Source material below:
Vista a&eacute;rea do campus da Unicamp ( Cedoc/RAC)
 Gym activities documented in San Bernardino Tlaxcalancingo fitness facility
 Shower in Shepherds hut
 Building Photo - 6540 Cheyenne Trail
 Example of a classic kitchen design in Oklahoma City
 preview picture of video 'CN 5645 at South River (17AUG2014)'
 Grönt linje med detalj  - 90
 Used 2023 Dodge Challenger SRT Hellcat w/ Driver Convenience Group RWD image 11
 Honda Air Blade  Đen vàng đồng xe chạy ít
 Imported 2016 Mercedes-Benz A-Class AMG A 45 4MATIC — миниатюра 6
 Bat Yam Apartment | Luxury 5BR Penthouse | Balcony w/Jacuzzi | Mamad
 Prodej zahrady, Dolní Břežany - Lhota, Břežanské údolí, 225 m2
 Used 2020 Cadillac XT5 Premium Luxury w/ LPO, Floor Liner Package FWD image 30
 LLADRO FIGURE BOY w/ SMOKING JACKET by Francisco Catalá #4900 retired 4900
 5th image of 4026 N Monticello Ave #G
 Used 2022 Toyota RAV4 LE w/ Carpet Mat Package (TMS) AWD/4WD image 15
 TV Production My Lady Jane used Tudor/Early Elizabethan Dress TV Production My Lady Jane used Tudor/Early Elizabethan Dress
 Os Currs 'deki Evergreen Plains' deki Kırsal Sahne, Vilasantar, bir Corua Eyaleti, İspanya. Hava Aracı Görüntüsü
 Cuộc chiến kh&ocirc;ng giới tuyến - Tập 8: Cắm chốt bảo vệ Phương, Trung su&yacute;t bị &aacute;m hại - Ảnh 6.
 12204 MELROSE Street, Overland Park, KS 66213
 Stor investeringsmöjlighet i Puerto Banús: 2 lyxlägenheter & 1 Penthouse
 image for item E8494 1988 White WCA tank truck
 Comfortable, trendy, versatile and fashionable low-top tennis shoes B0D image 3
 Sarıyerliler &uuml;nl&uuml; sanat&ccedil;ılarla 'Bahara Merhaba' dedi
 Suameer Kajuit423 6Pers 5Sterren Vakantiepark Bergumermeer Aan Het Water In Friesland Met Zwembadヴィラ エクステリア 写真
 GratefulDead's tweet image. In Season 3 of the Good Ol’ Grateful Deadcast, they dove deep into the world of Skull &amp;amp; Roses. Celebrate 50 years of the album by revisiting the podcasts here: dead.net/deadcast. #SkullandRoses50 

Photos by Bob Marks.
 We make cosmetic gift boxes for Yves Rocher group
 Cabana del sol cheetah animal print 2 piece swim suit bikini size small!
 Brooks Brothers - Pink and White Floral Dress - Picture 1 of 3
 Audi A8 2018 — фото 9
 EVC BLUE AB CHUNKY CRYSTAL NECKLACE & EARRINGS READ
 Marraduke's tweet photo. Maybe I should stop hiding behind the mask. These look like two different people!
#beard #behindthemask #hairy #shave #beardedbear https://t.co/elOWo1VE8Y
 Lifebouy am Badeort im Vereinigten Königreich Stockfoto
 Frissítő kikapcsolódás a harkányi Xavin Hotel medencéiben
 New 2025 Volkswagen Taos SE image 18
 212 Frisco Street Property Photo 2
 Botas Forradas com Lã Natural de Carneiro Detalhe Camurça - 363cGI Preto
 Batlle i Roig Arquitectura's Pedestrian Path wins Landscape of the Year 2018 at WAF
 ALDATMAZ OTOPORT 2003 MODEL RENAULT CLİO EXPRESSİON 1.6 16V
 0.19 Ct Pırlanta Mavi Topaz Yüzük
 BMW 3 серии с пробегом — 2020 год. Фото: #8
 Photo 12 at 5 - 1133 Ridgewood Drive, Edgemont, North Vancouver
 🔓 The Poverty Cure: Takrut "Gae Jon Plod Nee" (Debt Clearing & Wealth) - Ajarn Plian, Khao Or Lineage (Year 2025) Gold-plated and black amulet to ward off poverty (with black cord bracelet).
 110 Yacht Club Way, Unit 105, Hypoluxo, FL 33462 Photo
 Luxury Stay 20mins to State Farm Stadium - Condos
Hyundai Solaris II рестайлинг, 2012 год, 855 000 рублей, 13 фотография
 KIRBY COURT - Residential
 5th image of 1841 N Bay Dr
End of Source material.
Task item: List every line above that contains the word "White".

Response to this exercise:
 image for item E8494 1988 White WCA tank truck
 Brooks Brothers - Pink and White Floral Dress - Picture 1 of 3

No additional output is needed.